Zur Durchführung plant das Konsortium die Implementierung einer umfassenden Big-Data-Infrastruktur, erstmals mit der Möglichkeit, Datenschutzkonform private Daten mit in die Verarbeitung einzubeziehen. Eine darauf aufsattelnde Data Science Plattform ermöglicht dann die einfache Analyse der Daten für jedermann.

Datenplattform

Projektschema

Das Zentrum des Systems bildet die Big-Data Infrastruktur, die auf einem Servercluster betrieben wird. Sie dient sowohl der Speicherung der Daten als auch der Durchführung der Datenauswertungen, die von der Data Science Plattform ausgestellt werden. Die Rolle des Datenspeichers übernimmt Apache HBASE, das auf dem HDFS-Dateisystem aufgesetzt ist. Die Data Science Plattform ist eine Eigenentwicklung und basiert auf den Funktionalitäten von Apache Spark.

An dieser Stelle tritt die wesentliche Innovation des Projektes auf: die datenschutzkonforme Kombination von öffentlichen und privaten Datensätzen. Dieser Ansatz ist bisher nur in sehr spezialisierten Einzelimplementierungen machbar. Ziel des Projektes ist es, eine open source Referenzlösung hierfür zu entwickeln, was als völlig neuartig angesehen werden kann. Die Idee, die dahintersteckt, kann wie folgt beschrieben werden. Der Anbieter der privaten Daten entscheidet, mit wie vielen anderen privaten Datenlieferungen er seine Daten zu Analysezwecken freigeben will. Der Anwender, der diese Daten auswerten will, muss dafür sorgen, dass dieses Mindestaggregationsniveau in seinem Analyseprozess zu jedem Zeitpunkt gegeben ist. So kann sichergestellt werden, dass im Analyseprozess keine Informationen gewonnen werden, die einer Person eindeutig zugeordnet werden können. Dafür ist eine völlig neuartige Implementierung der gewöhnlichen Analysefunktionen, wie Joins, Filter u. a., notwendig. Dabei ist der Einblick in die privaten Daten nur nach einer Aggregation möglich. Die Implementierung dieser Funktionen erfolgt in der weitverbreiteten Programmiersprache Java.

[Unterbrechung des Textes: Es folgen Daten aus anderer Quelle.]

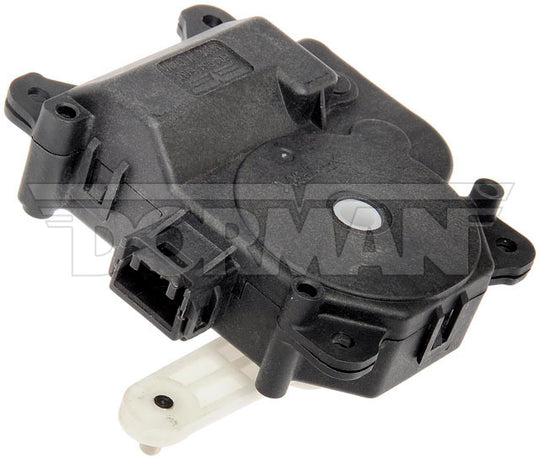 604-954 HVAC Blend Door Actuator Dorman - OE Solutions Canada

Der Datentransfer zwischen Anbietern und Plattform erfolgt für private bzw. offene Daten über Public und Private API’s. Beide Zugangspunkte werden als RESTful Webservice API’s implementiert, so dass die Anbieter ihre eigenen Datenbestände über eine Weboberfläche verwalten können.

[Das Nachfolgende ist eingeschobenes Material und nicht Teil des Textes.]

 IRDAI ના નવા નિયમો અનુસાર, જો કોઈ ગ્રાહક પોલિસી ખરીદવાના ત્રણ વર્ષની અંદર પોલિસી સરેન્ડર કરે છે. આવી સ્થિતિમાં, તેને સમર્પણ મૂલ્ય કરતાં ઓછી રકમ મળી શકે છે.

Die Erstellung der Analyseprozesse ist mithilfe der Data Mining Software Rapidminer und der OPA_TAD Rapidminer Extension möglich. Der Analyseprozess kann von Rapidminer aus and die Infrastruktur geschickt werden, wo er über einen Job Scheduler ausgeführt wird. Im Analyseprozess kann nur auf offene Daten zugegriffen werden, wobei für die privaten Daten lokal auf dem Anwenderrechner zufällige Daten generiert werden. So kann der Prozess lokal getestet werden, damit er korrekt auf der Infrastruktur ausgeführt werden kann.

Screenshot Demoanwendung

Demoanwendung

Zur Demonstration der Möglichkeiten der Plattform wird eine beispielhafte Anwendung implementiert. Hierbei geht es um die Prognose des Verkehrsaufkommens auf deutschen Autobahnen. Der Mobilitätsdatenmarktplatz (MDM) liefert im Minutentakt Daten zu Verkehrsstärken und aktuellen Geschwindigkeiten an bestimmten Zählstellen auf Autobahnen. Über eine eigenentwickelte App können User ihre Bewegungstrajektorien auf die Plattform hochladen, wo sie mit offenen Daten verknüpft werden. Aus den gesammelten Daten können Aussagen über die Auslastung und mögliche Reisezeitverzögerungen getroffen werden. Dazu werden auch andere Datenbestände herangezogen: Baustellen, Sperrungen, kalendarische Ereignisse usw.